«Распил» на троих: Барк — Ллойд-Джордж — Красин и золотой запас России
Шрифт:
Монтегю Норман, оставивший заметный след в банковской истории Великобритании, был крайне нелюдимым человеком. Недаром автор весьма популярной на Западе, да и в России книги «Повелители финансов» Лиакват Ахамед, кстати, имеющий огромный практический опыт работы в инвестиционном банкинге, назвал главу, посвященную Монтегю Норману, «Странный и одинокий». Я специально поинтересовался, как же называется этот раздел на языке оригинала и выяснил — «A strange and lonely man». Как видим, перевод весьма точно передает идею автора.
Монтегю Норману повезло родиться в семье потомственных банкиров: «его мать и отец происходили из двух самых известных финансовых династий Англии» [1084] . А его дед являлся старшим партнером «Браун Шипли» [1085] и компаньоном американского инвестиционного дома «Братья Браун» [1086] более 35 лет. Так что «его профессиональная генеалогия была безупречна». Но «Монтегю Норман, казалось, с малых лет был плохо приспособлен к жизни. Поступив по семейной традиции в престижный Итон, — пишет Ахамед, — он предпочитал держаться особняком» [1087] .
1084
Ахамед Л.
1085
Brown Shipley & Co.
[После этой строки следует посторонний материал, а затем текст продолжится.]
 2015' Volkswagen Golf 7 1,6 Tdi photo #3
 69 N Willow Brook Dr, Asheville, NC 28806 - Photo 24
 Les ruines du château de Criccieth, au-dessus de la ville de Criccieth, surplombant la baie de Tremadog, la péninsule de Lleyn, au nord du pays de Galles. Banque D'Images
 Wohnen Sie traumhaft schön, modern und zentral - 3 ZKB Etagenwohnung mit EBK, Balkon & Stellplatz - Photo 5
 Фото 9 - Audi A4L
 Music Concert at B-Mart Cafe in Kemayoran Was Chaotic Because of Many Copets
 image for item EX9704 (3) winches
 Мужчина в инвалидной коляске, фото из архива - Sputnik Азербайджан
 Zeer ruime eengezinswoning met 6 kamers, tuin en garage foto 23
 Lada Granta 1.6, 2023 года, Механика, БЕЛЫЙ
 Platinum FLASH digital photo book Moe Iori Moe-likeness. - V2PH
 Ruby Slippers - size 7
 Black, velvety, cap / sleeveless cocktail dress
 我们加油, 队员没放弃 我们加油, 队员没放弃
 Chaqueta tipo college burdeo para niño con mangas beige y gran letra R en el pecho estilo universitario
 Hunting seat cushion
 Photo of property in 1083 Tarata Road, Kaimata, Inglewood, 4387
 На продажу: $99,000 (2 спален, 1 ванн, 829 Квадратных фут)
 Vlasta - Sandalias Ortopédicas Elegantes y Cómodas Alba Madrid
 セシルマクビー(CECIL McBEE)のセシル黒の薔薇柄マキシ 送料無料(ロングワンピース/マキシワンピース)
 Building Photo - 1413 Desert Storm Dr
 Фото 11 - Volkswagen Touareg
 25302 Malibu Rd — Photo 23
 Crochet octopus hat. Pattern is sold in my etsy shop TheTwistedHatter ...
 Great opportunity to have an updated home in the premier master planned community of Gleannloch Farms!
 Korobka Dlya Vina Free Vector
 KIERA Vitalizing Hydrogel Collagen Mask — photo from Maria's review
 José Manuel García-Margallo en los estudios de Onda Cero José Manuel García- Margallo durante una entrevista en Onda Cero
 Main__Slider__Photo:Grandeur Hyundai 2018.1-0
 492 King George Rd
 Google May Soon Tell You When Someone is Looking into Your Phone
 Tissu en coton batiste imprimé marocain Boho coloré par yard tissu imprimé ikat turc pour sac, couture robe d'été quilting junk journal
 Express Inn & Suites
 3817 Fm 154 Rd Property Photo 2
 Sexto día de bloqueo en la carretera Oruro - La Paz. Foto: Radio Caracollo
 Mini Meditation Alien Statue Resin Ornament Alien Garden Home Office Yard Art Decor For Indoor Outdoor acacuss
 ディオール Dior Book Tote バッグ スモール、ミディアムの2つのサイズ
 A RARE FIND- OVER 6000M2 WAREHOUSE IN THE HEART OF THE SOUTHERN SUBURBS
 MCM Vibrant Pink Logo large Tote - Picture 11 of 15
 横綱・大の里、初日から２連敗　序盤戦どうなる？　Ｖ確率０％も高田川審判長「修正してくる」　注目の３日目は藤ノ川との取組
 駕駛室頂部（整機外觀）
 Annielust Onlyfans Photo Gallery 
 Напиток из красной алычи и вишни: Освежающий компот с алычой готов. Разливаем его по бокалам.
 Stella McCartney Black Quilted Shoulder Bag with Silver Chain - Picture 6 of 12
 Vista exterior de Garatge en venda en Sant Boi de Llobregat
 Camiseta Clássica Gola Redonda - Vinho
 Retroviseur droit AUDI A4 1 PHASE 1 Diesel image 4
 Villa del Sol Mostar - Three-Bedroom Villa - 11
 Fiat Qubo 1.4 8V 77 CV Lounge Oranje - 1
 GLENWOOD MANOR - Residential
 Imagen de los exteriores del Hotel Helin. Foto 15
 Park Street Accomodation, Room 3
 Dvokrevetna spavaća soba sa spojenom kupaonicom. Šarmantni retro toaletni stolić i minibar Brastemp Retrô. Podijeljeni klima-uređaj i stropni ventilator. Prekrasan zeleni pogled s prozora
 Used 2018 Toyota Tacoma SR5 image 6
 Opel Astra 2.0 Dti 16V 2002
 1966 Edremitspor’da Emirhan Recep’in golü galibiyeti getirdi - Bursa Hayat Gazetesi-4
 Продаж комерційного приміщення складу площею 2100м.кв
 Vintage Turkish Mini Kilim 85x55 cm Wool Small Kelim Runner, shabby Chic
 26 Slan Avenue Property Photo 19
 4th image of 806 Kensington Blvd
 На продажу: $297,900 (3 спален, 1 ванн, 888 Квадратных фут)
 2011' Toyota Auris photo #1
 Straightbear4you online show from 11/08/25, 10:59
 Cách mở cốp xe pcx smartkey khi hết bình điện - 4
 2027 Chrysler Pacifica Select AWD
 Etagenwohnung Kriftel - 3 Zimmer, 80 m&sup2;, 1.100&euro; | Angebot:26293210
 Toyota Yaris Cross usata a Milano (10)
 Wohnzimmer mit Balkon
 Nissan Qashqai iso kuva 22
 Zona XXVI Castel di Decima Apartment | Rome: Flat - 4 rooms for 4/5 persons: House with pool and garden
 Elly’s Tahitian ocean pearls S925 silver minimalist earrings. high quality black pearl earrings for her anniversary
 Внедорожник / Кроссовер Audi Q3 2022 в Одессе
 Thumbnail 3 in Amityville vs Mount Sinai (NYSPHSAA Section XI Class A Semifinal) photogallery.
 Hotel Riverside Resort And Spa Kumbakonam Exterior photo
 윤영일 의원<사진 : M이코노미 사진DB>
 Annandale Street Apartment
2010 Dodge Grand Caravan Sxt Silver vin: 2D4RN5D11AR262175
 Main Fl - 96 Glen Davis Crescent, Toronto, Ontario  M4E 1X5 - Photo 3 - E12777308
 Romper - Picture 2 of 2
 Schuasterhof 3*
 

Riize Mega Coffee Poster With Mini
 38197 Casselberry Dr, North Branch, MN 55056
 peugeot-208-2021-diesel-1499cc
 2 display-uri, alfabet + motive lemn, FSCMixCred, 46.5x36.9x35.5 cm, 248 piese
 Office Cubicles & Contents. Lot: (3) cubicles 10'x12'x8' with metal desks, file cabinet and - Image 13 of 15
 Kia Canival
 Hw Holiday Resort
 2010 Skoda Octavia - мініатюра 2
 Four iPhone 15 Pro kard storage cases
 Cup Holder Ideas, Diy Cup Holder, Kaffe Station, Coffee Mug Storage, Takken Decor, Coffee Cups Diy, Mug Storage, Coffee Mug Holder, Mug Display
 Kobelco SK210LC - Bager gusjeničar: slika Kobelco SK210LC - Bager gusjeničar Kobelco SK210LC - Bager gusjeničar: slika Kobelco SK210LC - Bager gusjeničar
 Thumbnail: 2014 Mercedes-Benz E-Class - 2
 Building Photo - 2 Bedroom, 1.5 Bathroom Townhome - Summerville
Limited — существующая и сегодня британская инвестиционная и кредитная компания со штаб-квартирой в Лондоне (рядом с главным историческим зданием Банка Англии), основанная в 1800 г. Предоставляет услуги, в т. ч. консультационные, частным и корпоративным клиентам в области планирования управления финансовыми активами, инвестициями и организации кредитования. С момента своего основания действовала как торговый банк, но с 1946 г. является компанией с ограниченной ответственностью. В последние годы заметно расширила свою деятельность, открыв новые офисы в Манчестере, Эдинбурге и Бирмингеме.
1086
Brown Brothers & Co. — основан в 1818 г. в Филадельфии как инвестиционный банк, просуществовал до 1931 г., когда слился с фирмой «Братья Харриман» (Harriman Brothers & Co.), образовав компанию по управлению активами и частными состояниями «Братья Браун, Харриман и К°» (Brown Brothers Harriman & Co.), существующую и по сей день.
1087
Ахамед Л. Повелители финансов. С. 33.
В 1892 г. Норман начал работать в качестве стажера в семейной фирме «Мартинс-банк» (Martins Bank), где были партнерами его отец и дядя. В 1894 г. он решил перейти в банк деда по материнской линии «Браун Шипли», что позволило ему уехать в Нью-Йорк, где он два года проработал в офисе опять же семейной компании «Братья Браун». В Большом Яблоке Норман чувствовал себя комфортнее, чем в Лондоне.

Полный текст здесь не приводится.